Tests for renal function are typically normal, but ureteric obstruction from intramural ureter fibrosis may cause impairment. An intravenous urogram may reveal hydroureteronephrosis, bilateral or unilateral, and abnormalities in the bladder and ureters, or it may be normal.

An ultrasonography examination may reveal tumor-like masses and irregular thickening of the bladder wall, or it may be normal. Patients with eosinophilic cystitis who have bladder masses have been reported to have undergone other tests, such as cystograms, CT scans, and MRIs, but they do not exhibit any characteristic features.

Cystoscopy typically reveals large mucosal edema along with erythematous, polypoid, velvety red lesions. It can be mistaken for vesical rhabdomyosarcoma in children.
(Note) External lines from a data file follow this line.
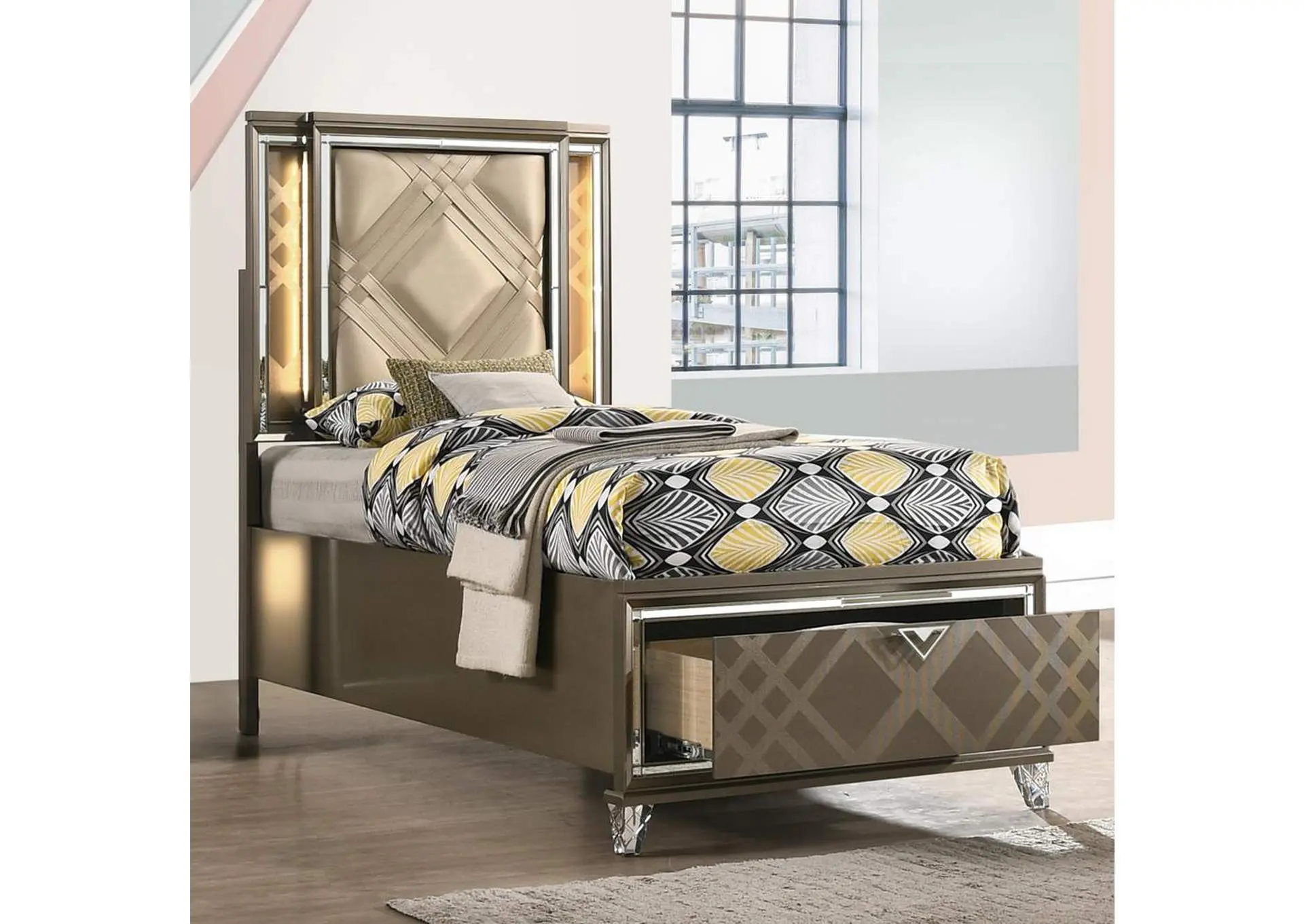 Skylar Full Bed with Led and Storage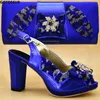 Latest Design African Women Wedding Shoe And Bag Decorated With Rhinestone Matching Italian Set High Heels Pumps Dress Shoes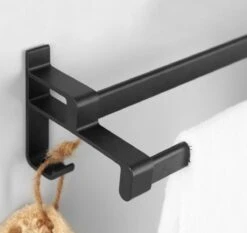 Merkloos Cgoods Handdoekrek Dubbele Stang Zonder Boren - Handdoekrek Badkamer - Handdoekhouder - Handdoekstang - 60CM -Badkamerartikelen Winkel 1200x1134 1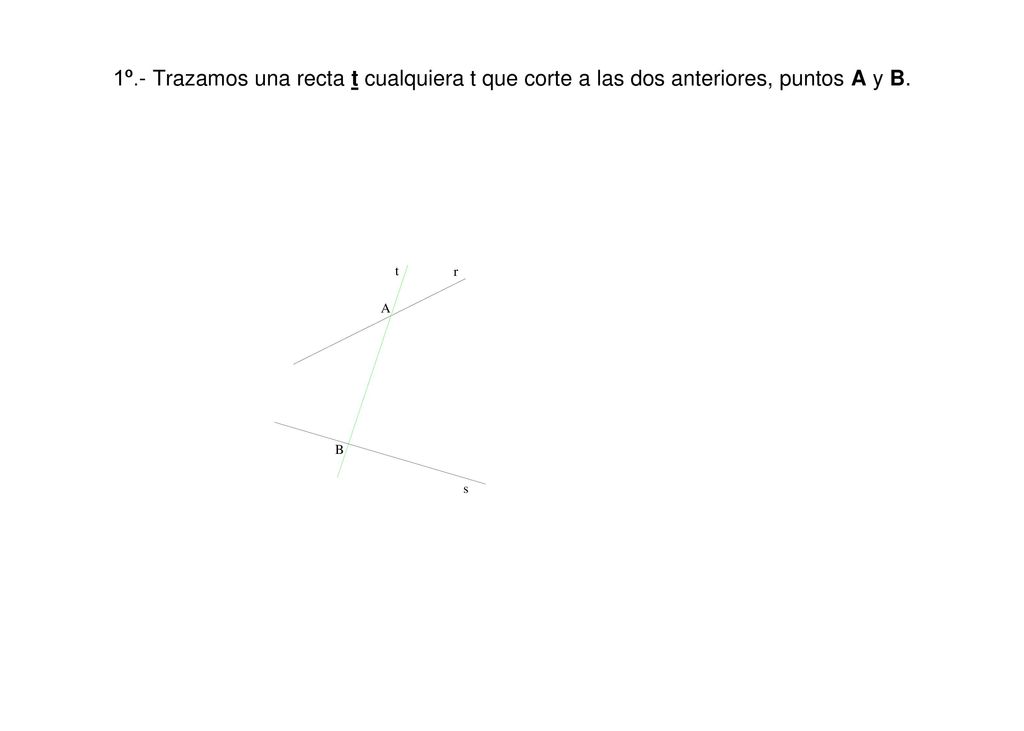 1º.- Trazamos una recta t cualquiera t que corte a las dos anteriores, puntos A y B.
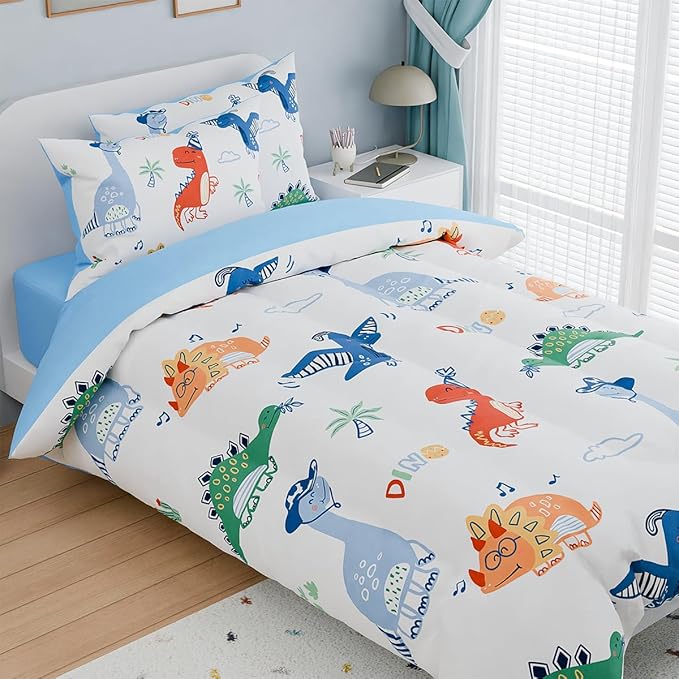 SANDJEST Dinosaurs Bedding Full Set for Boys Kids Children, Ultra Soft Microfiber Comforter Set with 4-Pieces, Comforters Bed Sets Bedroom Decor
Eosinophilic cystitis is hard to differentiate from other cystitis types (like interstitial and tuberculous cystitis), neoplastic lesions (like carcinoma in situ), and other bladder cancers. Therefore, in order to confirm the diagnosis of eosinophilic cystitis, biopsies are required. Transmural inflammation is present histologically, primarily with eosinophils. The lamina propria has more severe edema and inflammation. A contracted bladder may result from focal muscle necrosis and varying degrees of detrusor muscle fibrosis.

== Treatment ==
Mostly conservative measures are used to treat eosinophilic cystitis. Due to the condition's variable natural history, chronicity, and recurrence risk, patients with eosinophilic cystitis require ongoing monitoring that includes pertinent blood tests, urine examinations, appropriate imaging, and cystoscopies.

Removing the causing factor has a good cure rate in patients with eosinophilic cystitis secondary to allergic reactions, tranilast, or mitomycin-C. Non-steroidal anti-inflammatory drugs (NSAID) and antihistamines have been utilized as the primary management with good results when no apparent cause of eosinophilic cystitis is found in patients.
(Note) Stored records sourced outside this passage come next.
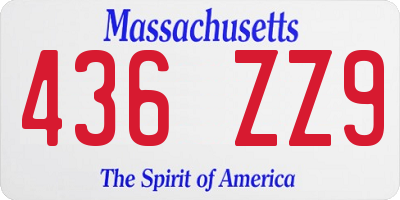 MA license plate 436ZZ9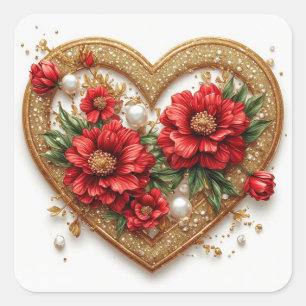 Adesivo Quadrado 💐 Coração Floral Vermelho para Detalhes da Festa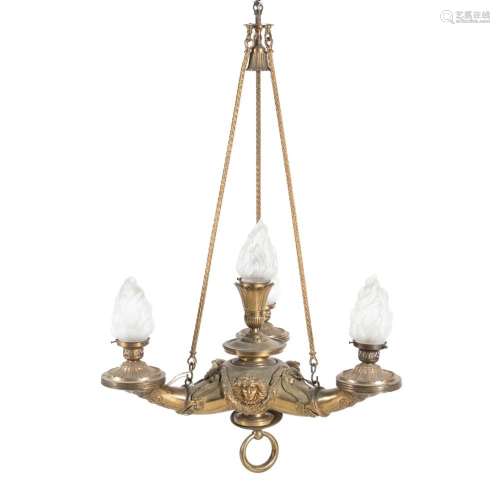 A Neoclassical Gilt Bronze Four-Light Chandelier with Froste...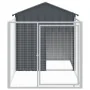 Caseta perros con corral acero galvanizado gris 117x201x123 cm de vidaXL, Casetas para perros - Ref: Foro24-172351, Precio: 2...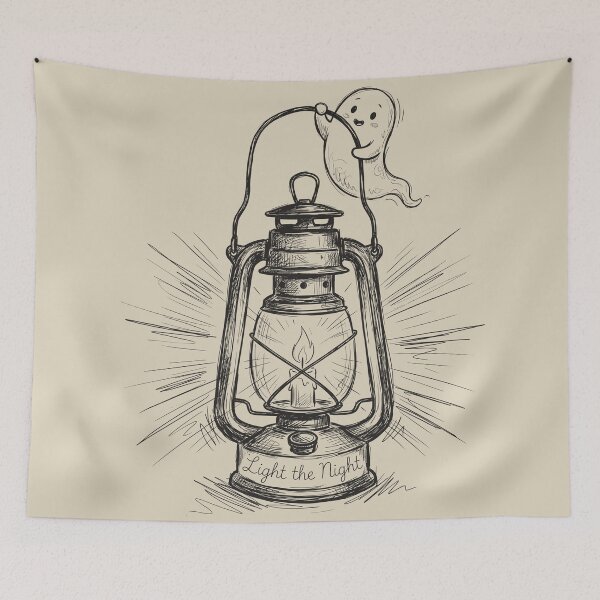 Item preview, Floating Lantern - Spooky Cute Ghost designed and sold by bapupa.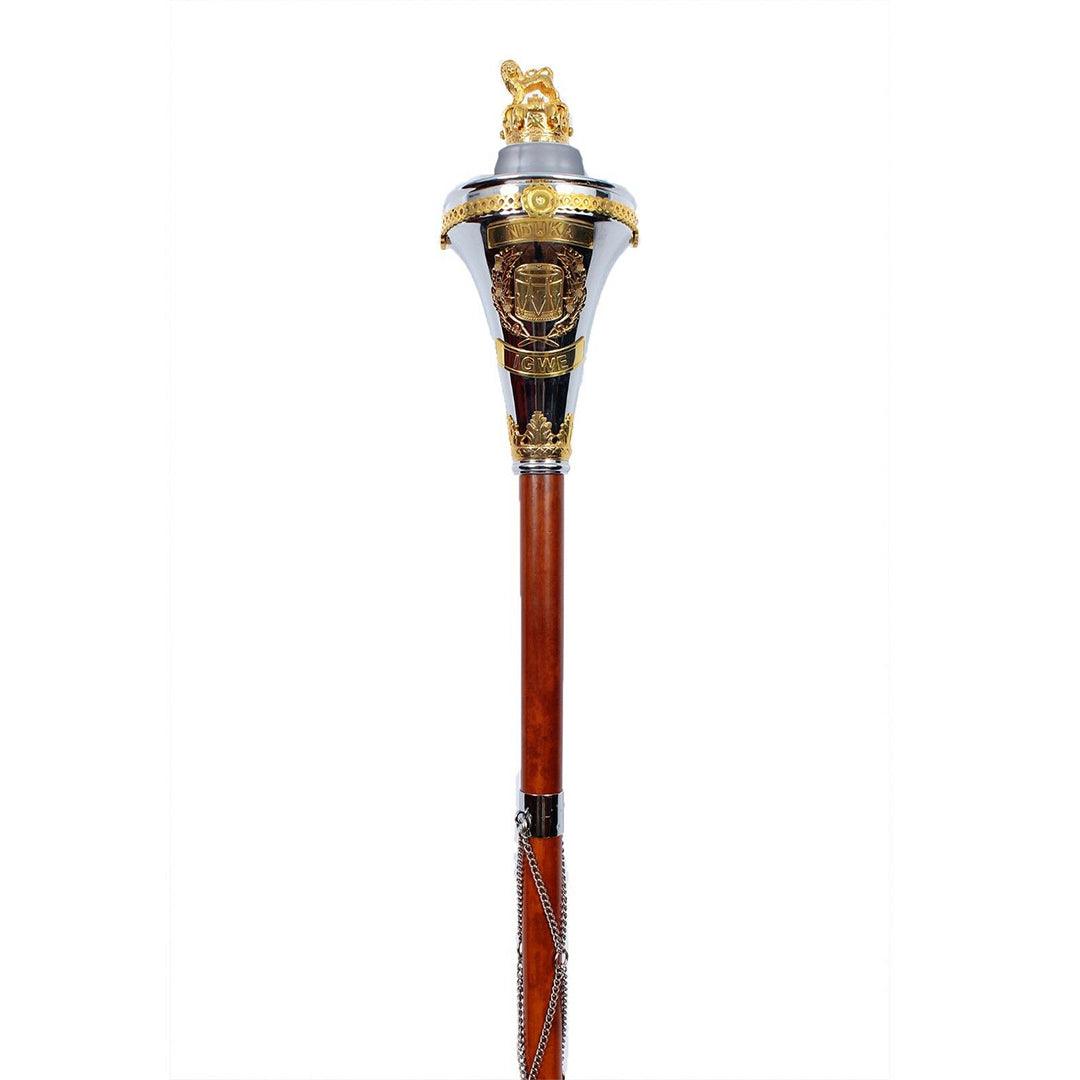 Custom Made Drum Major Mace Stave With Scrolls & Crown Top - biznimart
Particularly for patients suffering from eosinophilic cystitis linked to UTIs, antibiotics are beneficial. Corticosteroids have proven to be an effective treatment for patients who have not responded to NSAIDs and antihistamines. By improving the lysosomal membrane's stability, these lessen bladder inflammation. Even with steroid treatment, eosinophilic cystitis symptoms may not go away.
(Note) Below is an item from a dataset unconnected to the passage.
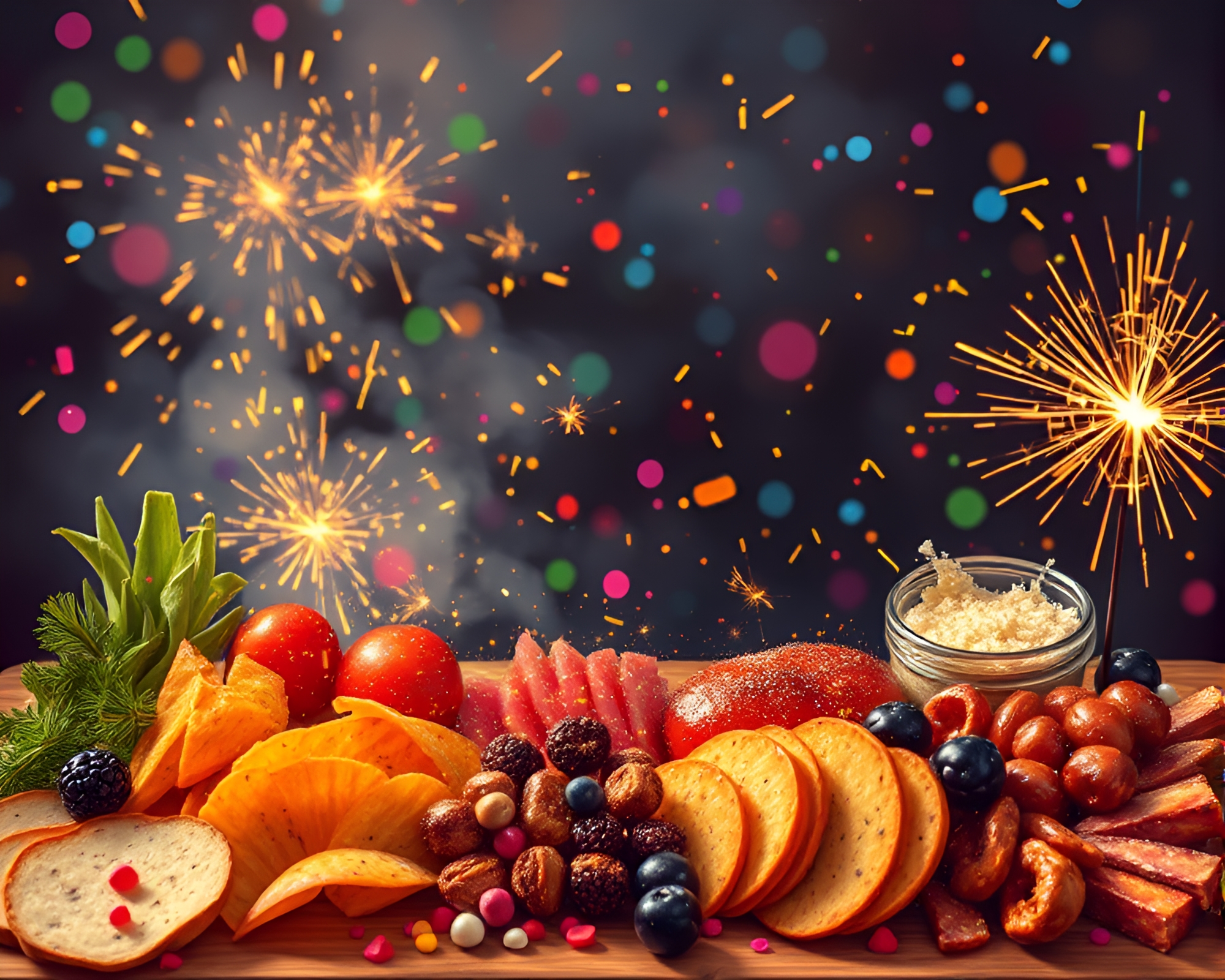 Sparkler Trail Charcuterie Board Confetti Burst – free AI stock image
Additional therapies mentioned include silver nitrate, cyclosporin-A, and intravesical dimethylsulfoxide. The majority of patients have had the bladder lesion excised transurethrally, with good results. A small number of patients with progressive eosinophilic cystitis who are not improving with medication or transurethral resection may be candidates for more invasive surgeries like augmentation ileocystoplasty or partial or total cystectomy.